Uno dopo l’altro, come i piccoli indiani di Agatha Christie, i top player del circuito maschile sono spariti dalla circolazione in un 2017 falcidiato dagli infortuni. Novak Djokovic, Stan Wawrinka, Andy Murray, Kei Nishikori ma anche altri dietro di loro: tutti vittime di problemi fisici dovuti, più che a un trauma, all’usura. Se vogliamo applicare per intera la teoria per cui nel tennis moderno l’atleta è diventato una macchina, allora sappiamo bene cosa succede quando si lascia una macchina accesa per troppo tempo, che sia un automobile o un computer.

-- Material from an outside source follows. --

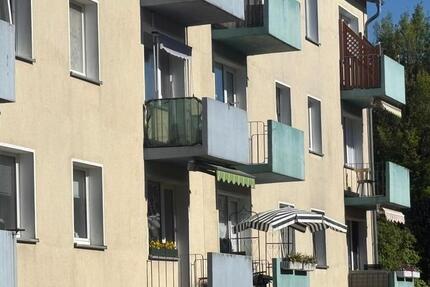 Wohnung Goslar Jürgenohl - 2 Zimmer, 54 m&sup2;, 59.000&euro; | Angebot:26305183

Dei cinque migliori tennisti del 2016, tutti assenti dagli ultimi US Open, uno soltanto è ancora in campo in questo autunno: si tratta di Milos Raonic. Anch’egli tutt’altro che estraneo agli acciacchi, la scorsa settimana a Tokyo il canadese ventiseienne si è ritirato a torneo in corso, per l’undicesima volta in carriera e la terza in stagione (e la prima era una finale). Frustrato, è sbottato puntando il dito contro chi organizza il tennis. La richiesta è stata quella di una stagione più breve, dai ritmi più umani. “C’è bisogno di una riforma. Date ai giocatori la possibilità di giocare in un periodo di sette mesi, in modo che possano concentrarsi su se stessi, sulla salute, ma anche sulla possibilità di migliorare, perché c’è bisogno di tempo. Credo che il tennis sia l’unico sport che vede i giocatori impegnati così a lungo senza la possibilità di riposare” ha detto Raonic, che da qualche settimana ha aggiunto al proprio team Javier Piles, per quindici anni coach di David Ferrer.

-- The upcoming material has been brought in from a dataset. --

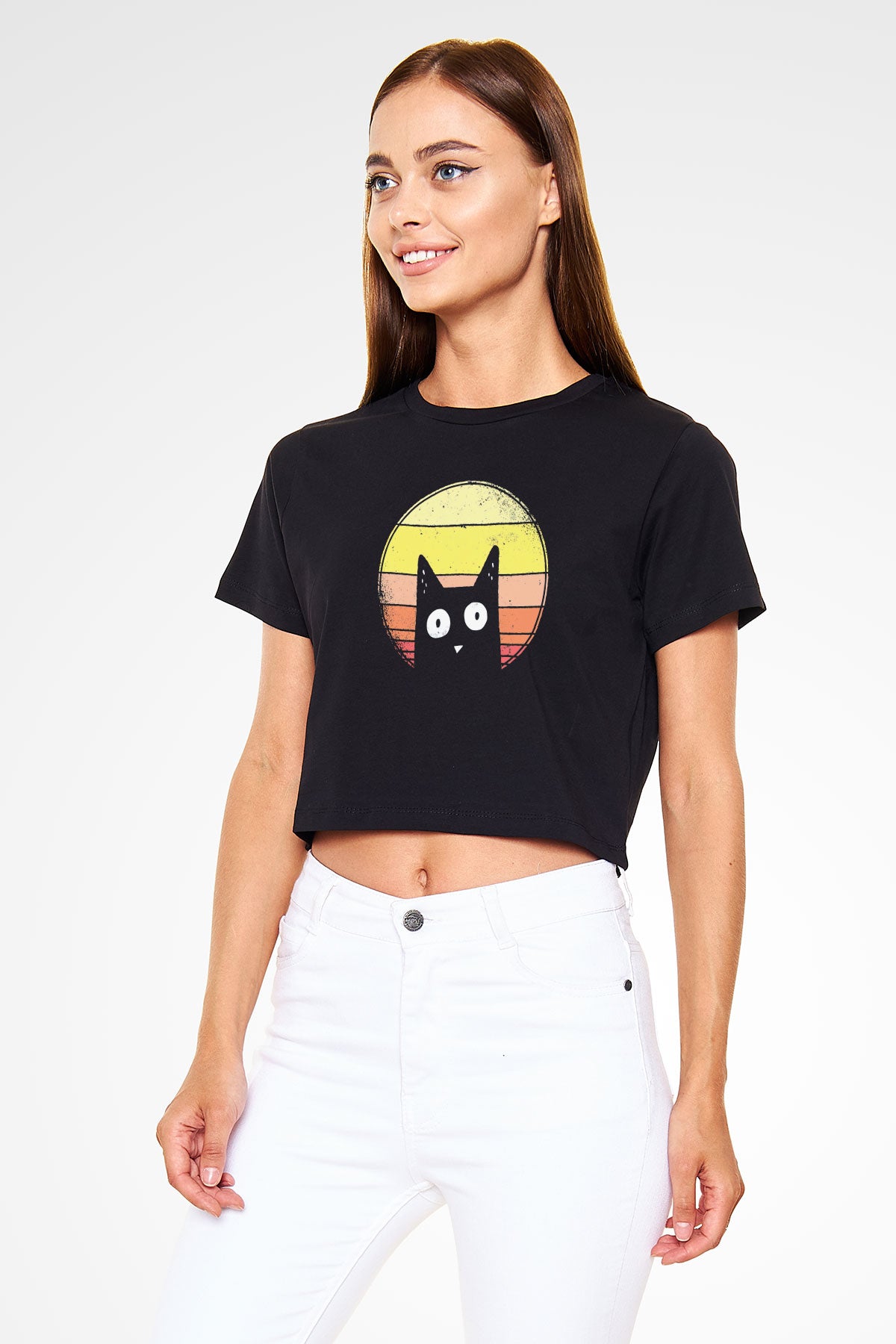 CT14514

Rispetto ad altri sport non c’è paragone, in effetti: una stagione calcistica, con incontri settimanali o al massimo bi-settimanali, dura da settembre a maggio; il tour ATP ha appena due mesi di pausa alla fine dell’anno solare, ridotti ulteriormente per chi partecipa alle Finals o gioca la finale della Coppa Davis. Certo, il vantaggio del tennis è che ogni giocatore può modellarsi addosso la stagione a propria immagine e somiglianza. Ma questa libertà, paradossalmente, viene a mancare per chi gioca più in alto in classifica. I tornei “mandatory” – ovvero obbligatori ai termini del ranking – sono 12, ai quali si aggiungono 4 ATP 500 per chi ha concluso la stagione nei primi trenta della precedente classifica annuale. A meno di non aver superato i trent’anni, età in cui scattano le esenzioni che hanno contribuito al successo dei “vecchietti”. “Bisogna tutelare la carriera dei giocatori e garantire un tennis di buon livello per gli spettatori” ha concluso Raonic, “credo che i tornei abbiano bisogno di una ricontrollata”.

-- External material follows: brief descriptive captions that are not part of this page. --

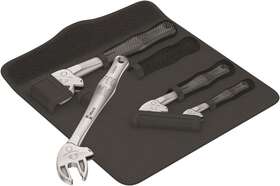 05020110001 Wera Joker 4 Set 1 Combination Wrench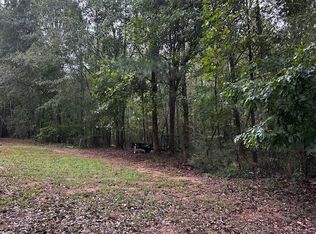 0 Hurt Bridge Rd #3, Cumming, GA 30028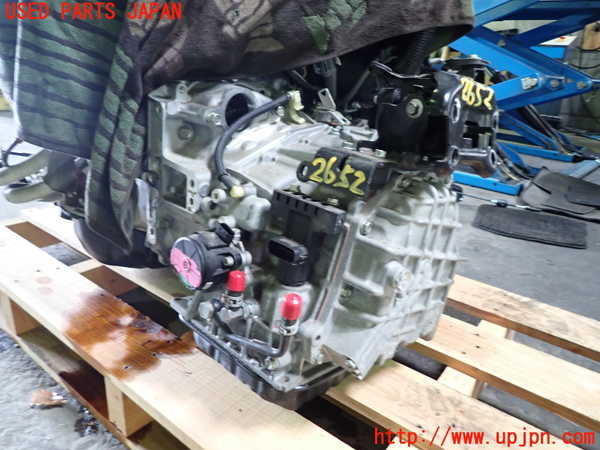 1UPJ-26523010]レクサス・NX200t(AGZ10)ミッション AT 8AR-FTS 中古_m0001.jpg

Torto non ha: il calendario è compresso fino allo stremo, spesso richiede repentini cambi di continente, superficie e attrezzatura di gioco. I problemi però fanno parte della ragione per cui sarà quasi impossibile trovare una soluzione in tempo breve. Le licenze per i singoli eventi sono vendute a privati, e le modifiche per il 2019 puntano nella direzione opposta a quella auspicata dal ragazzone di Podgorica – ovvero ad aumentare i giorni di gara per i top player, ingigantendo ad esempio i Masters 1000 di Madrid e Roma.